Ben Fitzmaurice est devenu le meilleur ami de Martin Gilmour le jour où, dans la cour de leur très chic école, Ben, héritier d’une prestigieuse dynastie, a pris la défense de Martin, petit boursier, fils unique d’une mère célibataire sans le sou. Depuis, Ben s’est fait un nom en politique, Martin est devenu critique d’art ; Ben a épousé la très parfaite Serena, Martin vit avec la très discrète Lucy. Et Ben est toujours le meilleur ami de Martin.
Ce soir, Ben fête ses quarante ans. Tout le gratin est présent. Martin aussi. Naturellement…

Le 4e roman d'Elizabeth Day, The Party, (l'invitation pour le titre français): oui, je préfère le titre original de ce roman et son triple sens qui vont être utilisé dans le roman (en anglais "the Party", peut être "une fête", "un parti politique" ou "la partie civile d'un procès"). 
Au départ, je n'avais pas été attiré plus que ça part ce roman (le résumé me paraissait une histoire classique que j'avais déjà lu où vu, donc je passe). Sauf qu'il a atterrit dans ma PAL grâce aux Editions Belfond et, je crois qu'elles me connaissent bien car, finalement, j'ai adoré ce livre. 
Alors, je vous le dis tout net, j'ai enlevé les références d'autres romans indiqués dans la 4e de couverture, et j'ai coupé les dernières phrases car elles en disaient trop sur le livre et aurait gâché la lecture. 
Car, ce qui retient mon attention avant tout dans ce roman, c'est sa construction diabolique.

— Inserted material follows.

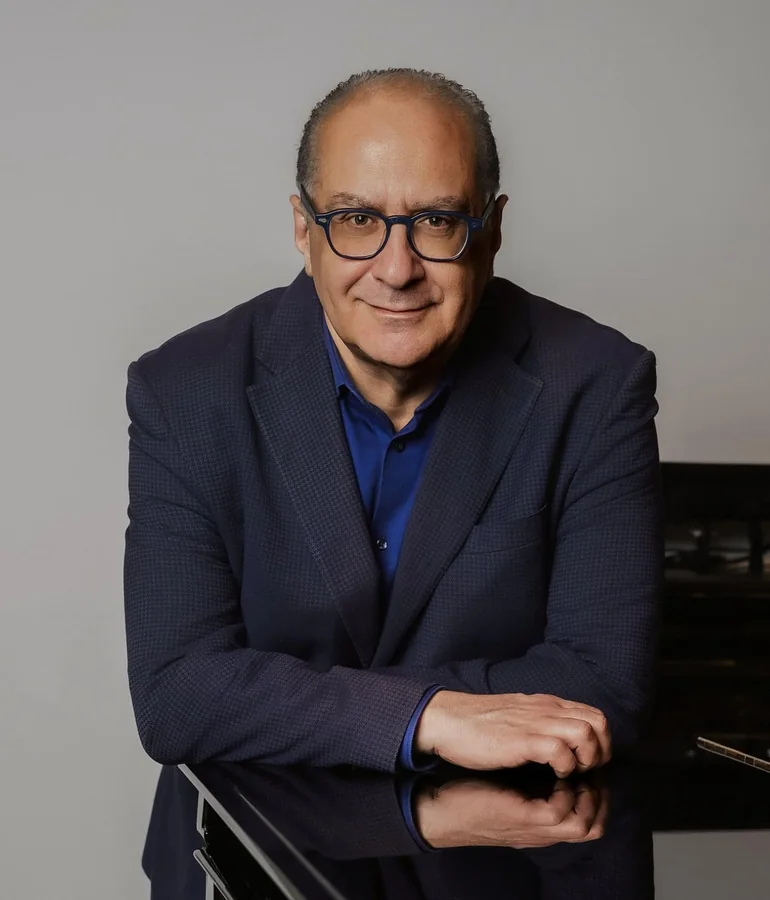 Ritratto a colori: in giacca blu scuro e camicia blu, appoggiato con le braccia al coperchio di un pianoforte a coda nero, fondo grigio chiaro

En effet, l'histoire débute dans un commissariat avec Martin qui est interrogé par la police à propos de la soirée d'hier soir (l'anniversaire de Ben Fitzmaurice, son meilleur ami) qui se serait terminé par un drame. Ainsi, Martin va raconter le déroulement de la soirée, sauf que celui ci sera entrecoupé de souvenirs d'enfance et d'adolescence de Martin, et du cahier que tient Lucy, la femme de Martin, qui se trouve dans une maison de repos après les événements de la soirée. 
Ainsi, l'auteure maintient un suspense insoutenable (un peu gâché si on  lit la 4e de couv' jusqu'au bout car l'un des événements raconté n'arrive que dans les 60 dernières pages du roman(!!), qui va nous plonger dans l'esprit complexe de Martin, cet être ambitieux, qui semble fort, mais qui est rempli de faiblesse. 
Il faut d'ailleurs, dire une chose: mis à part, Lucy, la plupart des personnages sont abjects dans ce roman: Martin est pathétique à vouloir avoir l'amitié de Ben, coûte que coûte, quitte à le suivre comme un petit toutou et à accepter des choses plus ou moins honnête de sa part. Ben est un être arrogant, l'archétype de l'aristocrate qui n'en a rien à faire des autres, sa femme Seréna est la pire de tous, glaciale, hautaine: honnêtement, j'ai plains cette pauvre Lucy qui doit la supporter. Puis, le petit monde qui tourne autour des Fitzmaurice, n'est pas meilleur. Il y a quelque chose de malsain dans ce roman, et j'ai eu du mal à m'attacher aux personnages. Heureusement, l'intrigue est assez accrocheur pour passer outre le caractère des personnages. 
Non, ce roman rempli parfaitement son rôle: c'est un thriller psychologique de bonne qualité (oui, thriller psycho, car une tension est là tout au long du roman qui tient bien en haleine) qui dépeint l'aristocratie anglaise dans ce qu'elle a de plus sombre. Elle nous fait entrer dans ce monde grandiloquent qui navigue entre richesse, et politique avec l'hypocrisie chevillé au corps. 
Il y a aussi cette tension perpétuelle, mais surtout une relation ambiguë entre Ben et Martin, à tel point qu'il y a des désirs refoulés qui vont refaire surface à un moment où à un autre. (D'ailleurs, en ce sens, cela m'a un peu rappelé "Maurice" de E.M. Forster (oui je fais une référence, mais elle ne vend quasiment rien sur le corps de l'intrigue). Une ambiance toute anglaise qui nous fait plonger dans les méandres des pensionnats anglais et navigué en eaux troubles dans la politique et l'aristocratie. Tout ce que j'aime.
En fait, Martin est un pur Rastignac (ah, une autre référence) qui va progressivement perdre ses illusions et qui, près de chuter, va tout faire pour tourner tout ceci en sa faveur. C'est purement diabolique, je vous dis! 
Si je n'avais qu'un seul petit bémol, sur ce roman, c'est sa fin ouverte: j'ai eu l'impression en la lisant, de n'être qu'aux prémices d'une historie de plus grande envergure. Disons,qu'il manque un affrontement entre Ben et Martin, qui ne viendra pas. Et je ne suis que frustration et n'ai qu'une envie: qu'il y ait  une suite! Ce qui est la preuve, s'il en est, que j'ai été happé par ce roman qui tient toutes ses promesses, et que je n'ai pas pu lâcher. Une très belle surprise que cette "Party" que je vous encourage à découvrir.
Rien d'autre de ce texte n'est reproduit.